__Collected data__:
================

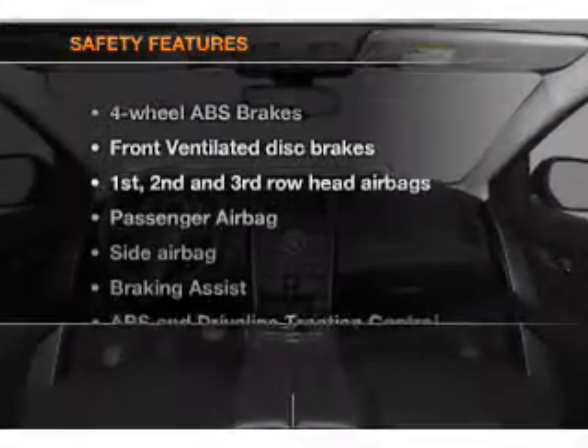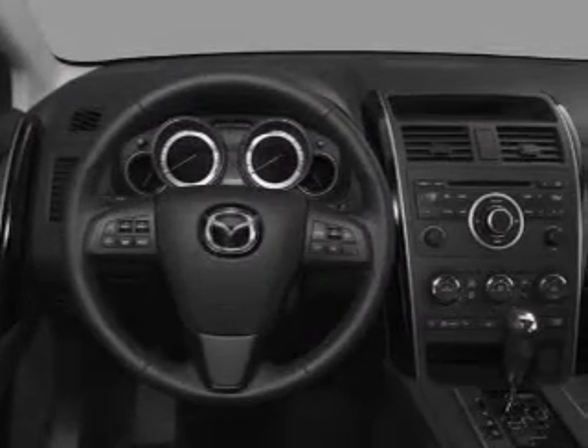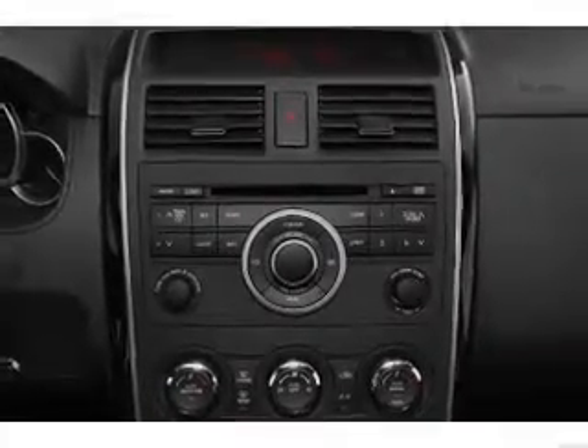If safety is a high priority, rest assured knowing that these top safety components are included: front ventilated disc brakes, passenger airbag, side airbag, curtain head airbags, and stability control. Call today to schedule a test drive.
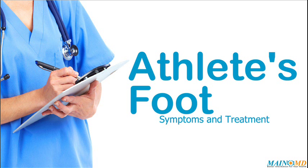Athlete's foot is an infection of the feet caused by fungus. The medical term is tinea pedis. Athlete's foot may last for a short or long time and may come back after treatment.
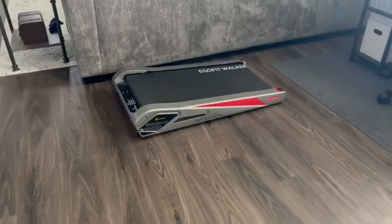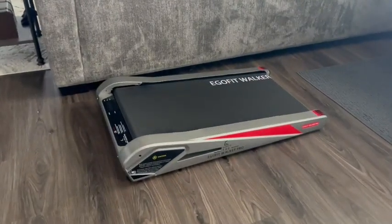Hello, I'm Katie with WTI, and if you are looking for a small discreet treadmill, I have to recommend this one from EgoFit.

================

__Activity__: What you return must match the material above exactly, apart from its pictures.

__Solved exercise__:
If safety is a high priority, rest assured knowing that these top safety components are included: front ventilated disc brakes, passenger airbag, side airbag, curtain head airbags, and stability control. Call today to schedule a test drive.
Athlete's foot is an infection of the feet caused by fungus. The medical term is tinea pedis. Athlete's foot may last for a short or long time and may come back after treatment.
Hello, I'm Katie with WTI, and if you are looking for a small discreet treadmill, I have to recommend this one from EgoFit.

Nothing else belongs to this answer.